## [DATASET CONTENT]
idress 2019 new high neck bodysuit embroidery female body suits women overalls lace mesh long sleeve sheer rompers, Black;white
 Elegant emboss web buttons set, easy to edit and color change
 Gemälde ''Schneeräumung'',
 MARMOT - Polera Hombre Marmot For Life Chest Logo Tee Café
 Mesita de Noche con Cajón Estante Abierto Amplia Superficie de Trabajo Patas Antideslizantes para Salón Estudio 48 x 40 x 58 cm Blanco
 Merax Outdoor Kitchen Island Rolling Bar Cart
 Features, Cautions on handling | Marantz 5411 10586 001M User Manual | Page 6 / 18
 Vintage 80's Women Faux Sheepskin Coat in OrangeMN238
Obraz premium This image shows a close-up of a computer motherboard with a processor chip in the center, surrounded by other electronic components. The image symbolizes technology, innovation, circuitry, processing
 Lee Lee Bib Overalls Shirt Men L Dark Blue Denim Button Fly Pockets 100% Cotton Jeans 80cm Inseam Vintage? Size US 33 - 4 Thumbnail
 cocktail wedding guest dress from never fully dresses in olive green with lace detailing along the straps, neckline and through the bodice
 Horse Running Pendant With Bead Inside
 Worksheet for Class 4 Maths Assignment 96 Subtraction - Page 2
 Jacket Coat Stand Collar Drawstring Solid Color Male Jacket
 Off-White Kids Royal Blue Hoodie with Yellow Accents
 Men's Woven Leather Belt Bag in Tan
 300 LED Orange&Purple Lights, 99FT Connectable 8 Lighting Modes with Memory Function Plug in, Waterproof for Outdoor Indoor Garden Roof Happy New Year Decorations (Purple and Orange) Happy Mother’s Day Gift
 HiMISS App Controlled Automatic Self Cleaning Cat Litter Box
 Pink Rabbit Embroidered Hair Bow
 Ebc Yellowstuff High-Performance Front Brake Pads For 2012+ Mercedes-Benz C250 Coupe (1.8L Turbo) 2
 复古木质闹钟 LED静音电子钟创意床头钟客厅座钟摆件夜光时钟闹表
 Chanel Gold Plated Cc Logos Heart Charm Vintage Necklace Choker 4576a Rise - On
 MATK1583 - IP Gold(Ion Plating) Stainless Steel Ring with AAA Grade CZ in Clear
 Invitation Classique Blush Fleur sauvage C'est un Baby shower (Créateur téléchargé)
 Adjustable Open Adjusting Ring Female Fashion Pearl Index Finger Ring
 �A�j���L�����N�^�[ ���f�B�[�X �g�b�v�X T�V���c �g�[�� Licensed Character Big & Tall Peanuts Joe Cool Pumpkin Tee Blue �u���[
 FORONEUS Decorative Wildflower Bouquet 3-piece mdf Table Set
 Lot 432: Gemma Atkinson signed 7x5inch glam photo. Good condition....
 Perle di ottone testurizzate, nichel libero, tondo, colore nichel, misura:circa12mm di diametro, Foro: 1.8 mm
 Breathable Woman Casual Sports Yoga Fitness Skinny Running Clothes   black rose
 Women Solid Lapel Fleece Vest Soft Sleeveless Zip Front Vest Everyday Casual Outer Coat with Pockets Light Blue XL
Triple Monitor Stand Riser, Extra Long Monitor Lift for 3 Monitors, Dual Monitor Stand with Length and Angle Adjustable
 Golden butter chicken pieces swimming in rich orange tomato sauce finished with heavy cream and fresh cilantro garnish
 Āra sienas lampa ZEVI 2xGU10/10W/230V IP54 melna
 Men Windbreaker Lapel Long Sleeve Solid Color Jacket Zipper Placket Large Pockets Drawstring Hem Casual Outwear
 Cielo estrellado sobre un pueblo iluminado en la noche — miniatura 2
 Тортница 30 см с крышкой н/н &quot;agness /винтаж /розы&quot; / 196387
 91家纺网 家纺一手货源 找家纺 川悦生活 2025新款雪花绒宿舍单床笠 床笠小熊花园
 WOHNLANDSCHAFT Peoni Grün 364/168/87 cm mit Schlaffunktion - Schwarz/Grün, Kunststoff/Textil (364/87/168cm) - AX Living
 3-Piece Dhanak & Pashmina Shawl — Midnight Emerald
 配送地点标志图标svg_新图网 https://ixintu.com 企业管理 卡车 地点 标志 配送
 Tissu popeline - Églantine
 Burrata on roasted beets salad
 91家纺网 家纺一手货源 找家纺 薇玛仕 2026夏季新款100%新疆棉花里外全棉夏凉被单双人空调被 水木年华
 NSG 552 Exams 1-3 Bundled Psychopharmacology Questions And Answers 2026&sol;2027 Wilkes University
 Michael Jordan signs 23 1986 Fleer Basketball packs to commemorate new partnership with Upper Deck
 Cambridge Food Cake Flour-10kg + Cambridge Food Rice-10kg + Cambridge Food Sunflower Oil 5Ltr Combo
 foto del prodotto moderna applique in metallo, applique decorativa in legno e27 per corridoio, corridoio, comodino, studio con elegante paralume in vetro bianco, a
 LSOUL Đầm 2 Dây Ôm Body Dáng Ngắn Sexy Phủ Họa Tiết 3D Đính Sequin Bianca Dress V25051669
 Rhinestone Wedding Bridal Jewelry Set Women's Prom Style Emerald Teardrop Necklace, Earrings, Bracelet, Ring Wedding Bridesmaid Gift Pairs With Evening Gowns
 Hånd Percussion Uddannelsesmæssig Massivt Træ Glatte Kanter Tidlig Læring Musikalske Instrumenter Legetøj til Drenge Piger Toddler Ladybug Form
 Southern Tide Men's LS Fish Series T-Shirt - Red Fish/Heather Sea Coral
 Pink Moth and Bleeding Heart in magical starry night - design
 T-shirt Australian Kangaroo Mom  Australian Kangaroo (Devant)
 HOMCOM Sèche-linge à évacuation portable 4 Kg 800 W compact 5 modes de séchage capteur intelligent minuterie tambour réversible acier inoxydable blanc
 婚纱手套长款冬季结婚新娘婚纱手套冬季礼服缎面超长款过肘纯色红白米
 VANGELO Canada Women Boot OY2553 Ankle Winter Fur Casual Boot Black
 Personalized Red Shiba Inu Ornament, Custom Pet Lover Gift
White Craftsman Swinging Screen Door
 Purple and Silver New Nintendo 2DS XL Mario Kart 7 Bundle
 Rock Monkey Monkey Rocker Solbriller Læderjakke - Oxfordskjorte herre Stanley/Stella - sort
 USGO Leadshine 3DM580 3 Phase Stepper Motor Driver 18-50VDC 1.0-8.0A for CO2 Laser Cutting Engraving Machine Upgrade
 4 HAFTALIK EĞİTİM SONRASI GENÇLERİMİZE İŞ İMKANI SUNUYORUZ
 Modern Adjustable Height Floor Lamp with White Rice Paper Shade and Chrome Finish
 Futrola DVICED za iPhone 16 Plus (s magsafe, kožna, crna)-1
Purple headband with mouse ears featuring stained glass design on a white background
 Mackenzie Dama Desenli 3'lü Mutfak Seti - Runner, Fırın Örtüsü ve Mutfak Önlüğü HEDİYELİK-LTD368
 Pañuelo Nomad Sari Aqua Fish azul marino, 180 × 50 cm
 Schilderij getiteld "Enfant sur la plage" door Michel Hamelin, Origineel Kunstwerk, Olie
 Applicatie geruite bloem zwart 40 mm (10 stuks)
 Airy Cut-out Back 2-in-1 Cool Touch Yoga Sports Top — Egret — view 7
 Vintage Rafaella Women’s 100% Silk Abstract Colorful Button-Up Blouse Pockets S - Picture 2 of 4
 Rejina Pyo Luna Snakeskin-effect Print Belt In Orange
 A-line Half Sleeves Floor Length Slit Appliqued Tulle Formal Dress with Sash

## [AIM OF THE TASK]
From the records above, print only the lines between the one holding "Mesita de Noche" and the one holding "Adjustable Open Adjusting", inclusive, exactly as they stand.

## [RESPONSE TO THIS TASK]
 Mesita de Noche con Cajón Estante Abierto Amplia Superficie de Trabajo Patas Antideslizantes para Salón Estudio 48 x 40 x 58 cm Blanco
 Merax Outdoor Kitchen Island Rolling Bar Cart
 Features, Cautions on handling | Marantz 5411 10586 001M User Manual | Page 6 / 18
 Vintage 80's Women Faux Sheepskin Coat in OrangeMN238
Obraz premium This image shows a close-up of a computer motherboard with a processor chip in the center, surrounded by other electronic components. The image symbolizes technology, innovation, circuitry, processing
 Lee Lee Bib Overalls Shirt Men L Dark Blue Denim Button Fly Pockets 100% Cotton Jeans 80cm Inseam Vintage? Size US 33 - 4 Thumbnail
 cocktail wedding guest dress from never fully dresses in olive green with lace detailing along the straps, neckline and through the bodice
 Horse Running Pendant With Bead Inside
 Worksheet for Class 4 Maths Assignment 96 Subtraction - Page 2
 Jacket Coat Stand Collar Drawstring Solid Color Male Jacket
 Off-White Kids Royal Blue Hoodie with Yellow Accents
 Men's Woven Leather Belt Bag in Tan
 300 LED Orange&Purple Lights, 99FT Connectable 8 Lighting Modes with Memory Function Plug in, Waterproof for Outdoor Indoor Garden Roof Happy New Year Decorations (Purple and Orange) Happy Mother’s Day Gift
 HiMISS App Controlled Automatic Self Cleaning Cat Litter Box
 Pink Rabbit Embroidered Hair Bow
 Ebc Yellowstuff High-Performance Front Brake Pads For 2012+ Mercedes-Benz C250 Coupe (1.8L Turbo) 2
 复古木质闹钟 LED静音电子钟创意床头钟客厅座钟摆件夜光时钟闹表
 Chanel Gold Plated Cc Logos Heart Charm Vintage Necklace Choker 4576a Rise - On
 MATK1583 - IP Gold(Ion Plating) Stainless Steel Ring with AAA Grade CZ in Clear
 Invitation Classique Blush Fleur sauvage C'est un Baby shower (Créateur téléchargé)
 Adjustable Open Adjusting Ring Female Fashion Pearl Index Finger Ring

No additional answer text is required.